[Task brief]
Return the data word for word. Pictures are to be omitted.

======== Information provided

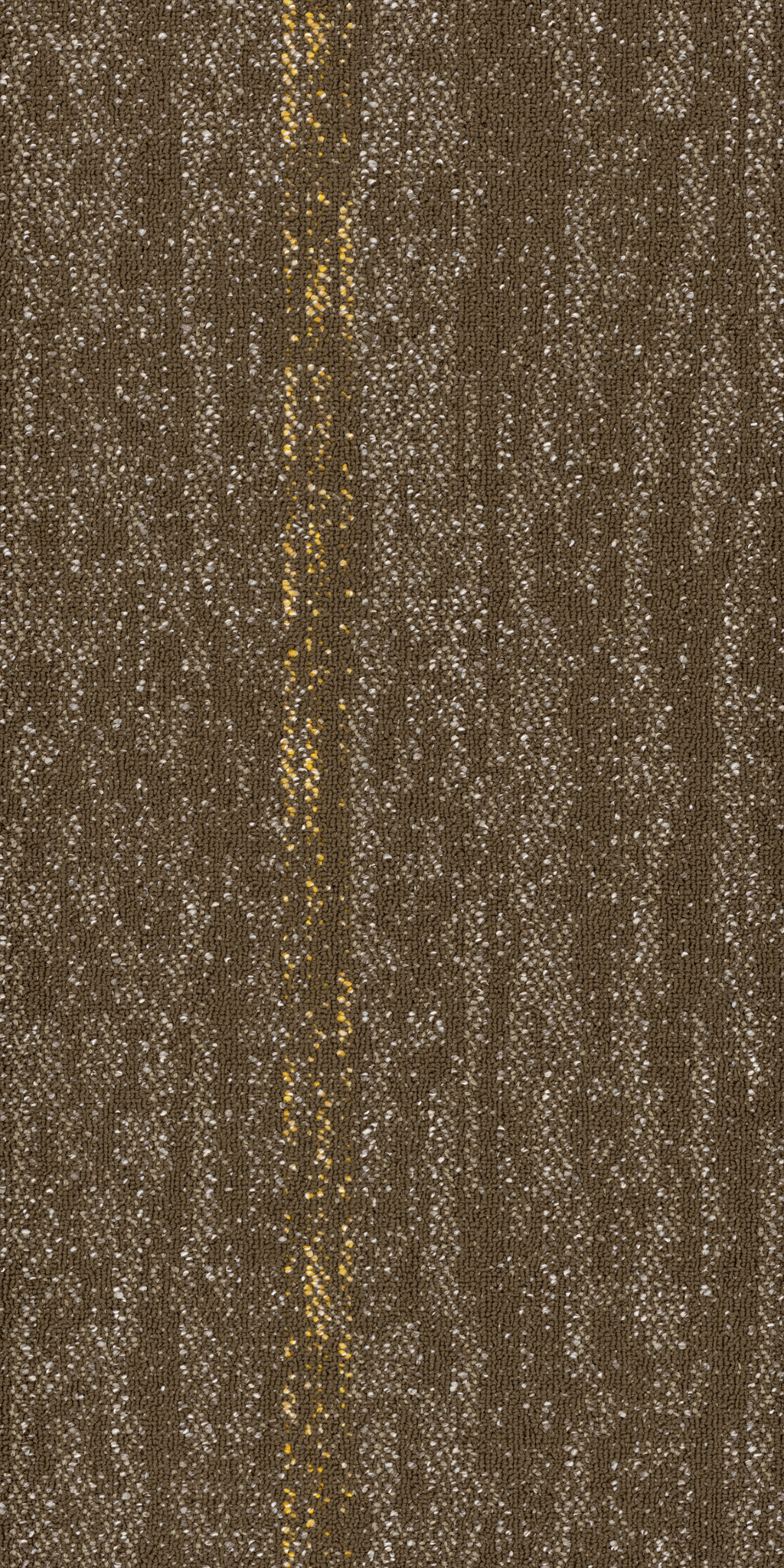 String It-Spun-54914_14706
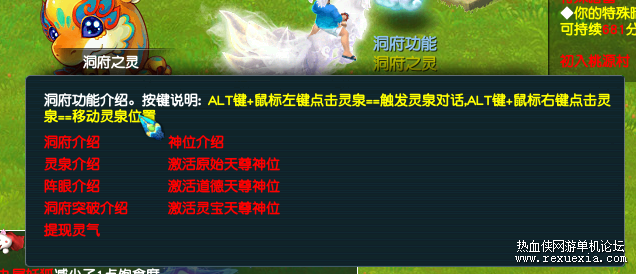����9.png
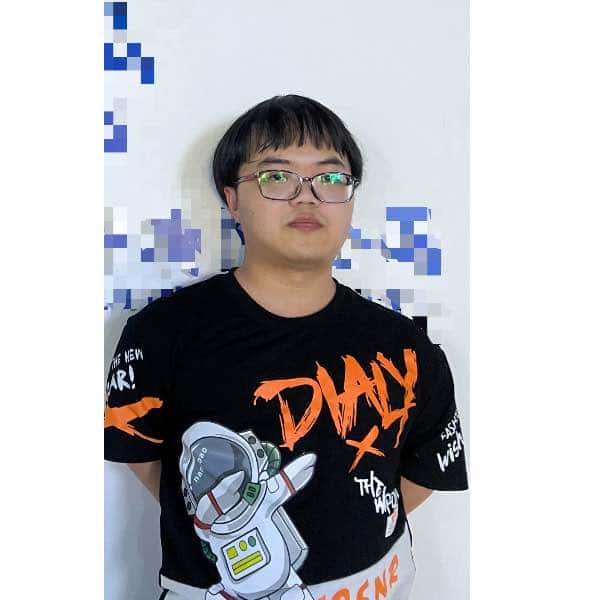 四川28岁单身帅哥真诚找对象-吐鲁番征婚相亲网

================

[Answer to the problem]
 String It-Spun-54914_14706
����9.png
 四川28岁单身帅哥真诚找对象-吐鲁番征婚相亲网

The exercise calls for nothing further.